The ADA is Not a Medical Leave Entitlement, Court Says

Two weeks ago, I posted that the EEOC had sued a blood bank for giving employees only the leave they were entitled to under the FMLA, and not considering additional leave as  an accommodation under the ADA.  I noted that “the EEOC’s view is that the maximum leave required by the FMLA is merely the starting point for determining whether an employer has fulfilled its obligation to provide leave under the ADA.”

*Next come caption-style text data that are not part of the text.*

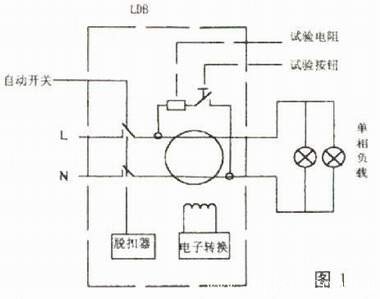 漏电保护器工作原理 漏电保护器工作原理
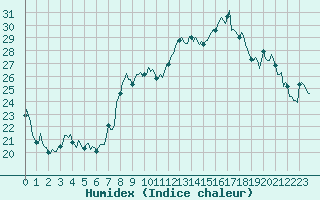 Courbe de l'humidex pour Xert / Chert (Esp)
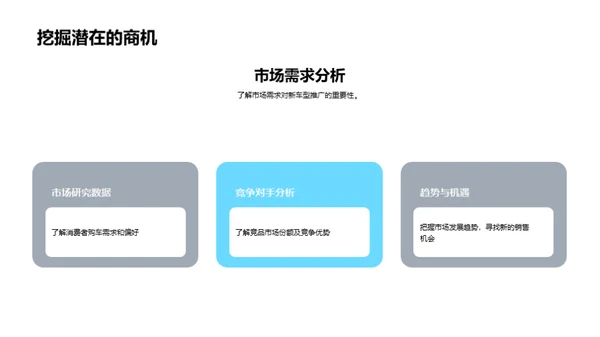 新车型推广策略研讨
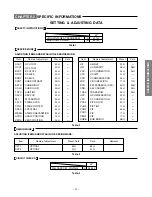 Preview for 13 page of Toshiba 32AF53 Service Manual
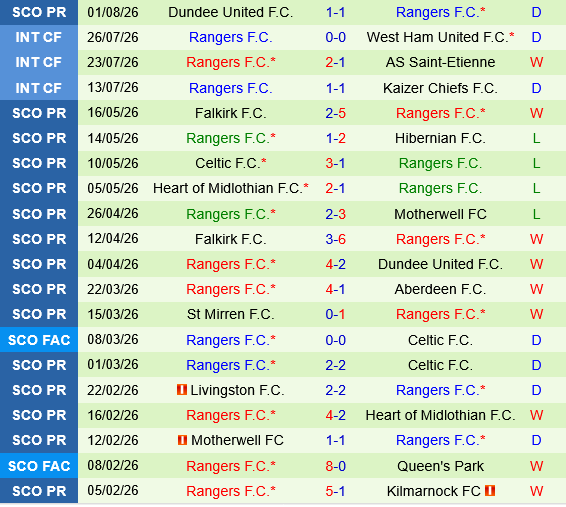 Jagiellonia Bialystok vs Rangers Jagiellonia Bialystok vs Rangers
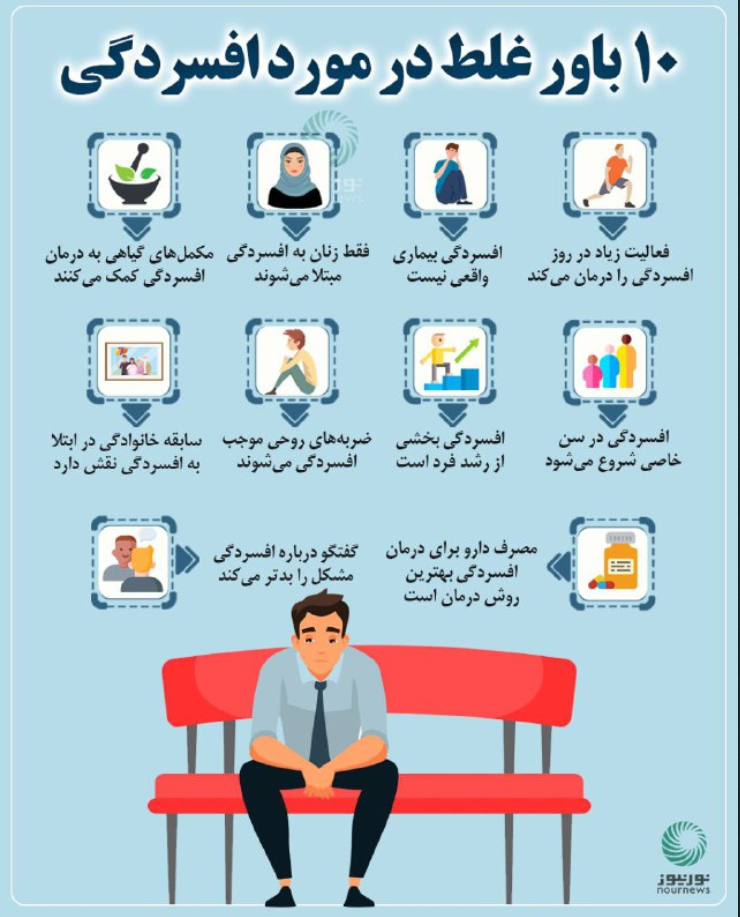 ۱۰ باور غلط در مورد افسردگی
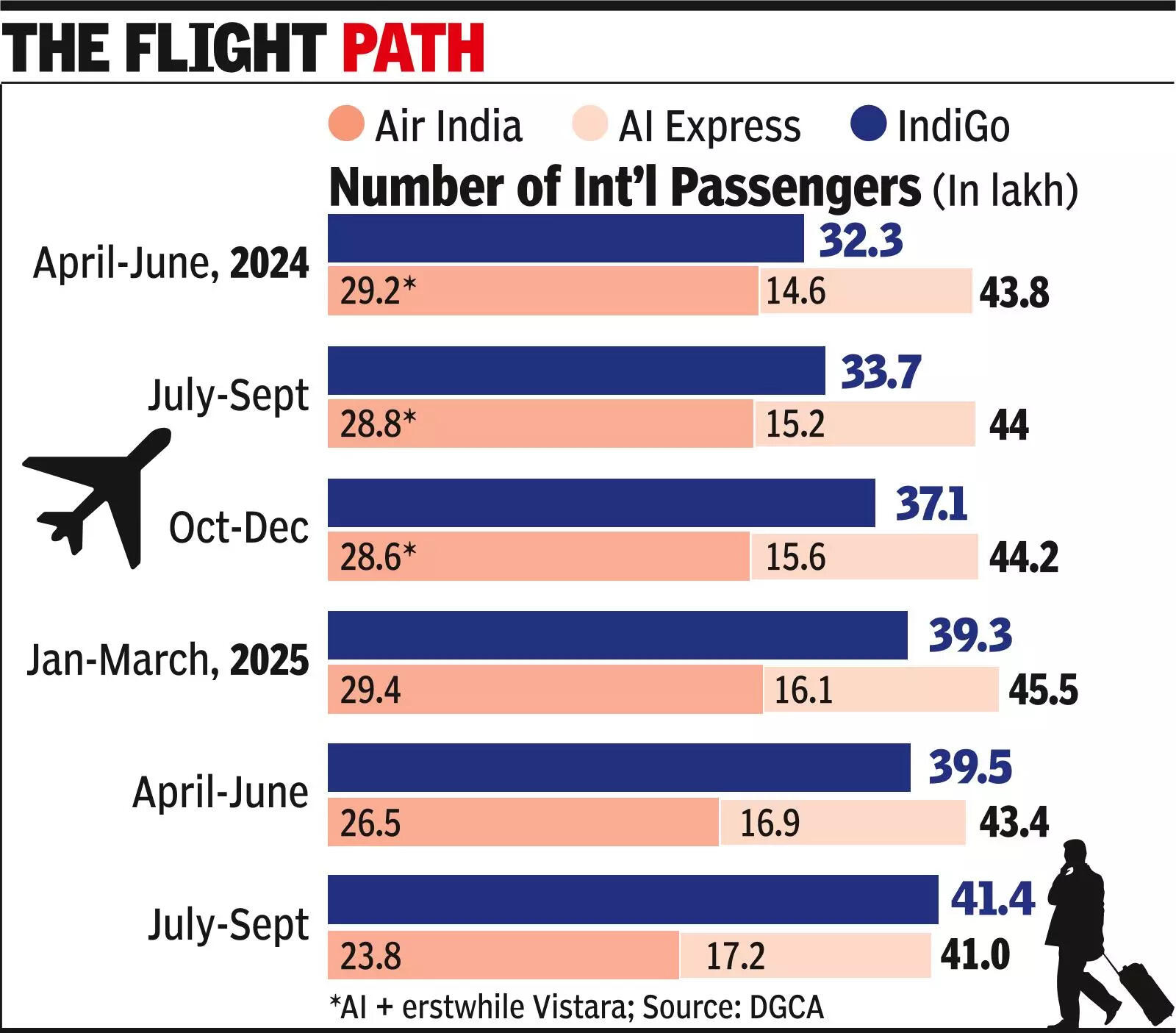 IndiGo beats Air India duo to be country’s top int’l carrier
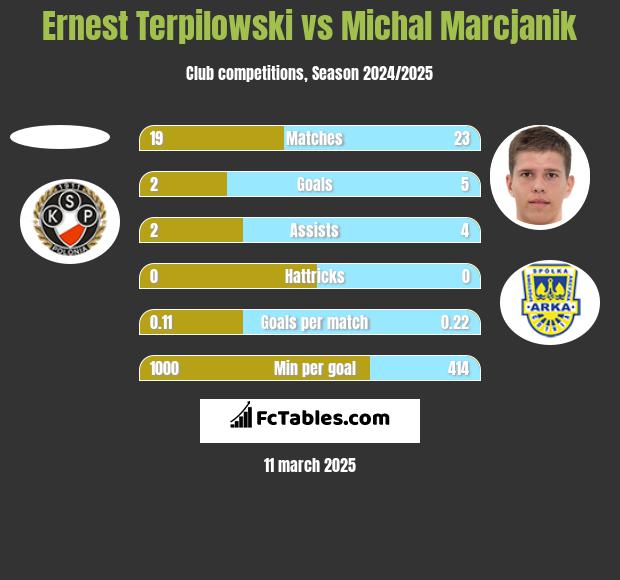 Ernest Terpilowski vs Michal Marcjanik h2h player stats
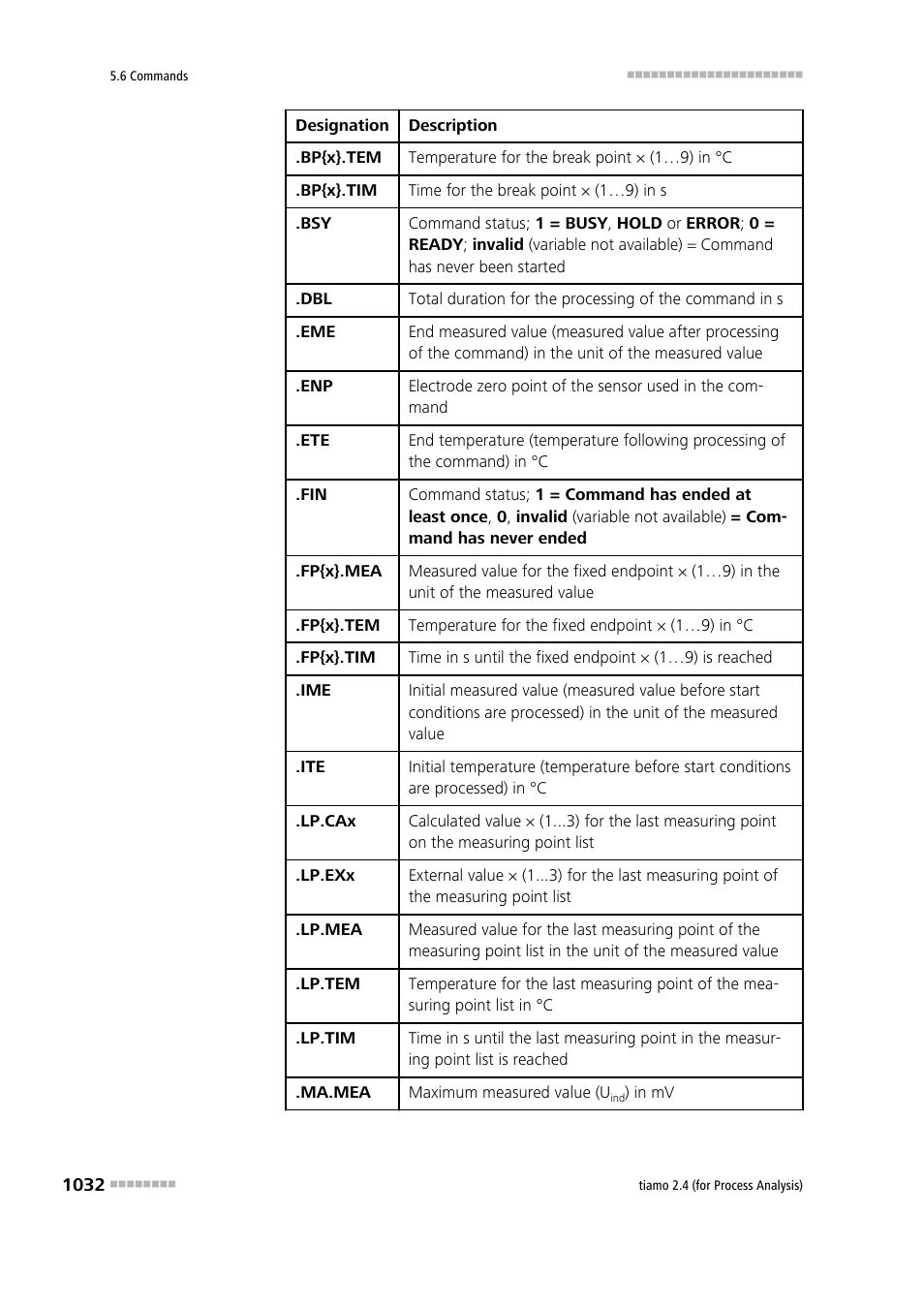 Metrohm tiamo 2.4 (process analysis) User Manual | Page 1048 / 1809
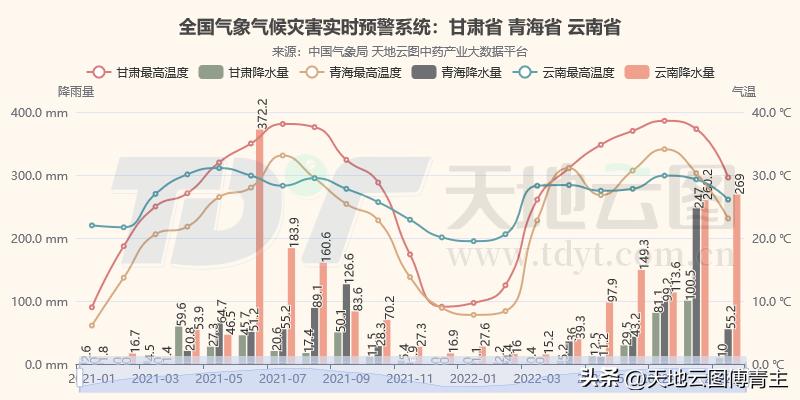 墨香楼 第3页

Last week, in words that seem to leave no room for interpretation, the Seventh Circuit rejected the EEOC’s view.  The employer had provided the plaintiff with all of the leave he was entitled to under the FMLA and denied his request for an additional two to three months to recover from back surgery. The plaintiff claimed he was entitled to more leave as a reasonable accommodation under the ADA. The EEOC filed an amicus brief in support of the plaintiff.


The Court rejected the plaintiff’s and EEOC’s arguments and granted summary judgment to the employer. According to the Court:

“The ADA is an antidiscrimination statute, not a medical-leave entitlement….. Long-term medical leave is the domain of the FMLA.”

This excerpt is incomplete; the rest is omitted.